(RECORDS SHOWN)

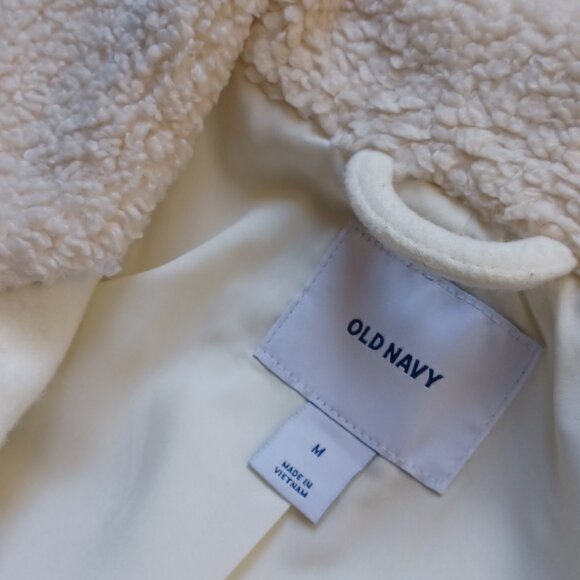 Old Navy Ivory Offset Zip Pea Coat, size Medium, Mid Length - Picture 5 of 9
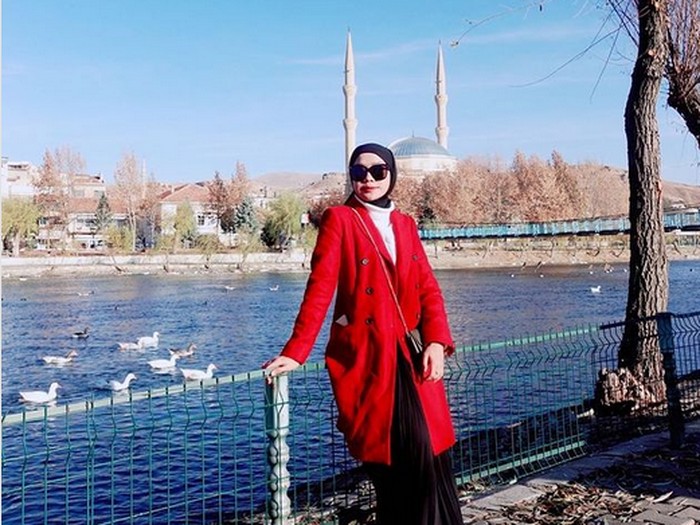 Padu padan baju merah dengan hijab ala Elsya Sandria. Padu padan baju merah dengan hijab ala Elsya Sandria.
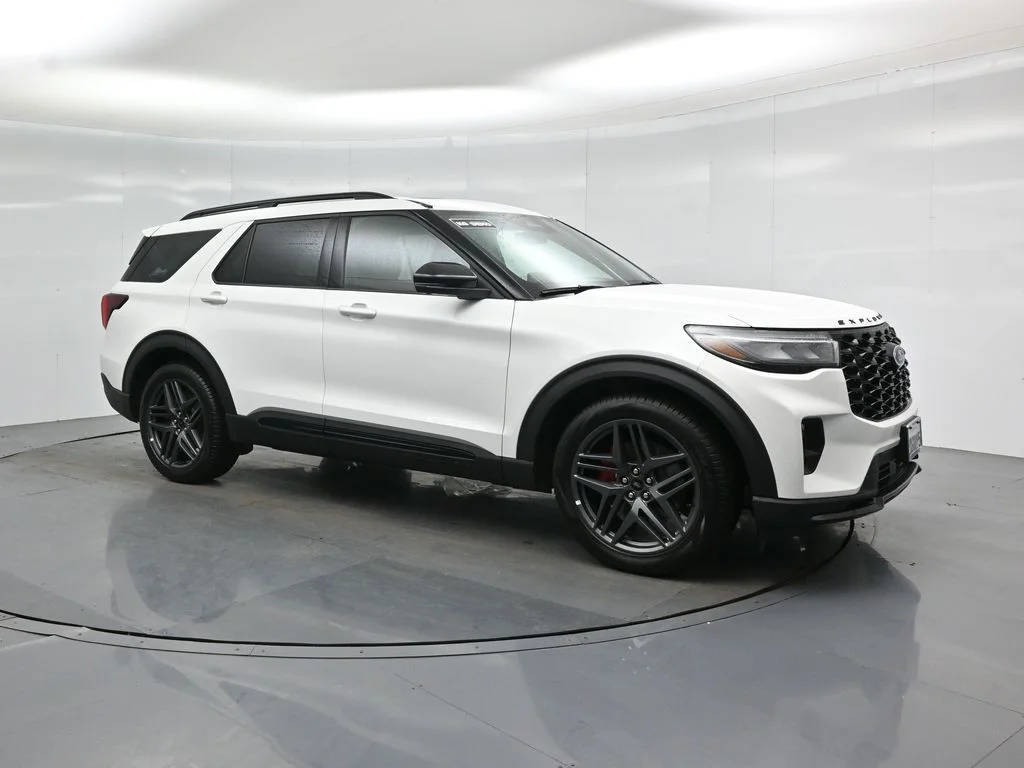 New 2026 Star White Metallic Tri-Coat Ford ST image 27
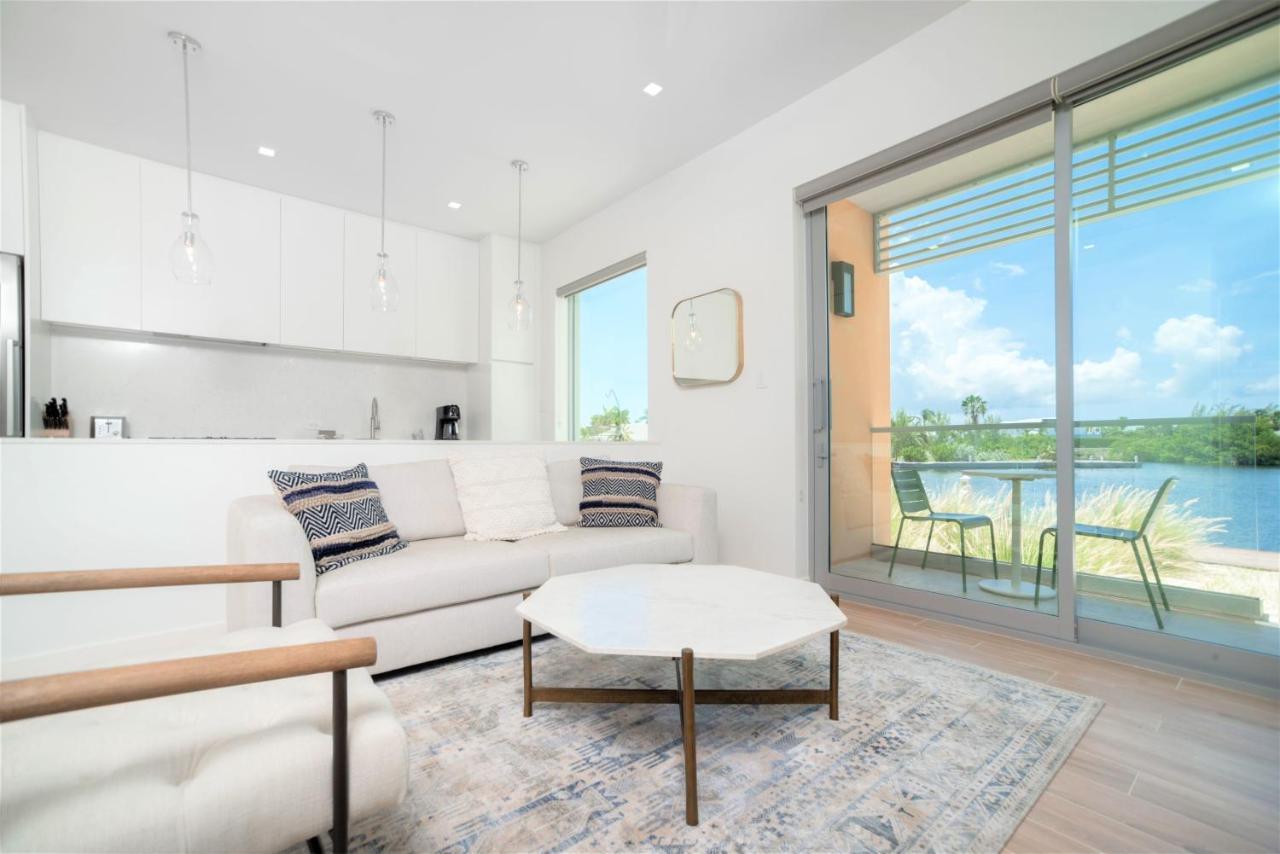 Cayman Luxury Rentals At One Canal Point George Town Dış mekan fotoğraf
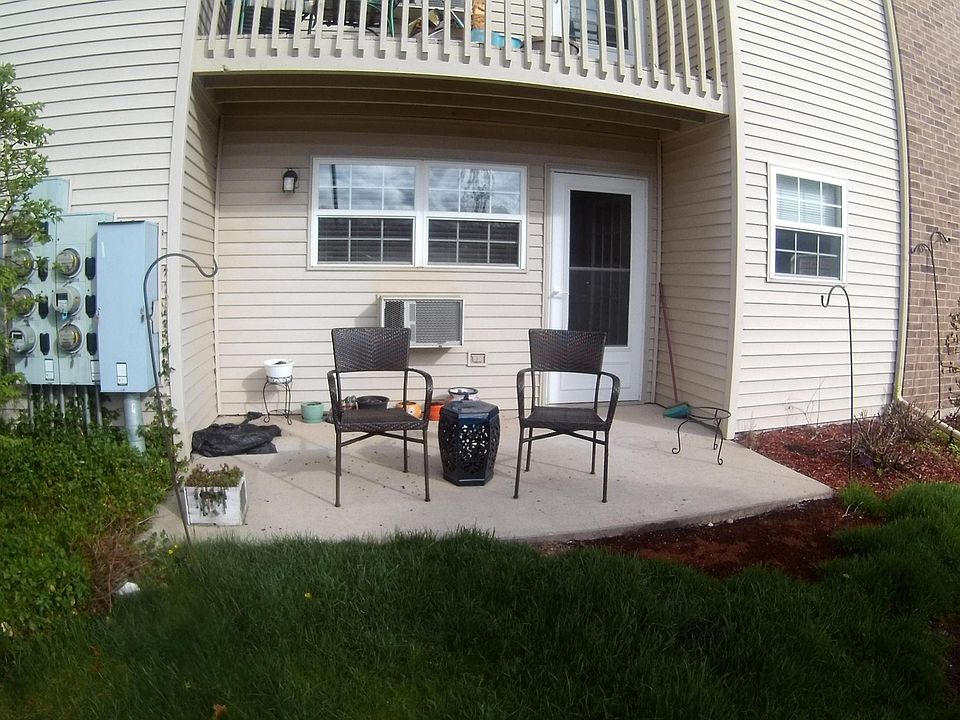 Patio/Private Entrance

(End RECORDS SHOWN)

> **YOUR OBJECTIVE**: What you write should match, word for word, the lines from the one containing "New 2026 Star" to the end of the listing, with both ends kept and the pictures left out.

> **WRITTEN REPLY**:
 New 2026 Star White Metallic Tri-Coat Ford ST image 27
 Cayman Luxury Rentals At One Canal Point George Town Dış mekan fotoğraf
 Patio/Private Entrance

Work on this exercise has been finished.